In 2011, there were over 30 nonprofit institutions, community development organizations, academic institutions, and private companies that created temporary parks for Philadelphia’s Park(ing) Day. Parks were created in Center City as well as in Manayunk, Southwest Philadelphia, Mount Airy, Northern Liberties, and University City.
In its third year, members of the The North Fifth Street Revitalization Project, celebrated Park(ing) Day by giving out blue recycling bins to residents of the Olney community for free. In order to receive a bin, residents only had to fill out a survey concerning their thoughts on the Olney business district.
“I would say the primary goal of today’s event was to conduct community outreach,” Philip Green, interim director of NFSRP, said. “We really want to create activities on North Fifth Street that get people out, get people excited about the shopping district and bring foot traffic to the area. We really see Fifth Street as Olney’s main street.”
Parking spaces throughout Philadelphia received a makeover of sorts in celebration of the annual event.
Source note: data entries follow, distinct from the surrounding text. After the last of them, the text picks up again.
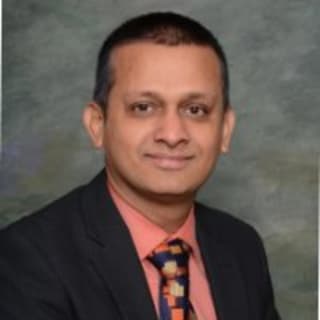 Dhrumil Shah, MD, Family Medicine, Norwood, MA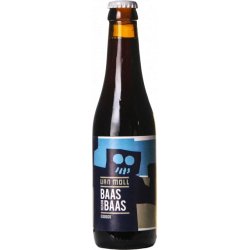 Van Moll Baas Boven Baas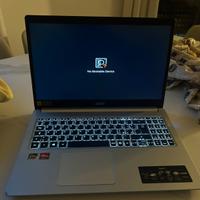 Computer acer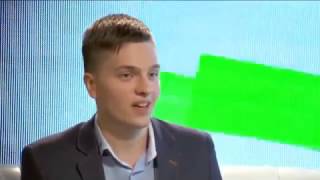Дмитрий Шевчук   История успеха  Самый молодой Золотой Директор Орифлэйм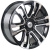 Диск RST R106 6,5x16 5*114,3 Et:50 Dia:66,1 BD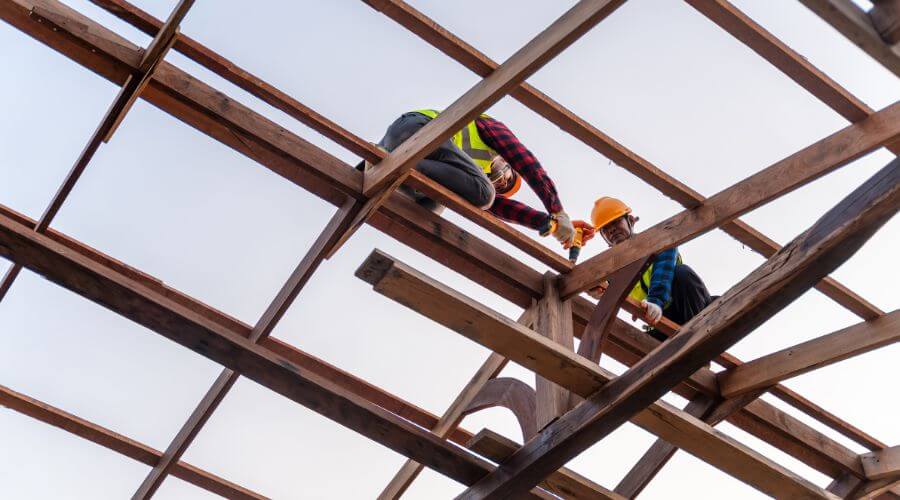 Expert new roof installation services in Montezuma, NM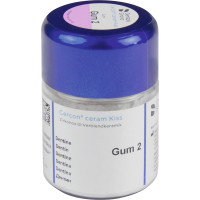 Cercon® ceram Kiss - Packung 20 g dentin gum 2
Park(ing)Day celebrates parks and other public areas in cities around the nation, seeking to raise awareness of for the need of more pedestrian friendly spaces in urban areas.
Green sees Fifth Street as Olney’s “melting pot” where people from all different kind of backgrounds can come together and become signified as a better community.
“I love Olney. I think it’s beautiful,” Linda Dawson, a resident of Olney, said of the Park(ing) Day event. “I was on my way to the jeweler and I happen to see the recycling bins. I thought, oh that’s good, free bins.”
Green added that when NFRP hold events like Park(ing) Day, it just makes the people in Olney all the more excited to support their local economy.
“We did give away 70 blue bins today and if people are recycling it means that they are doing something good for the environment,” Green said. It means that they’re just not throwing things on the ground and if people have blue bins it means that they can participate in the city’s recycling program.”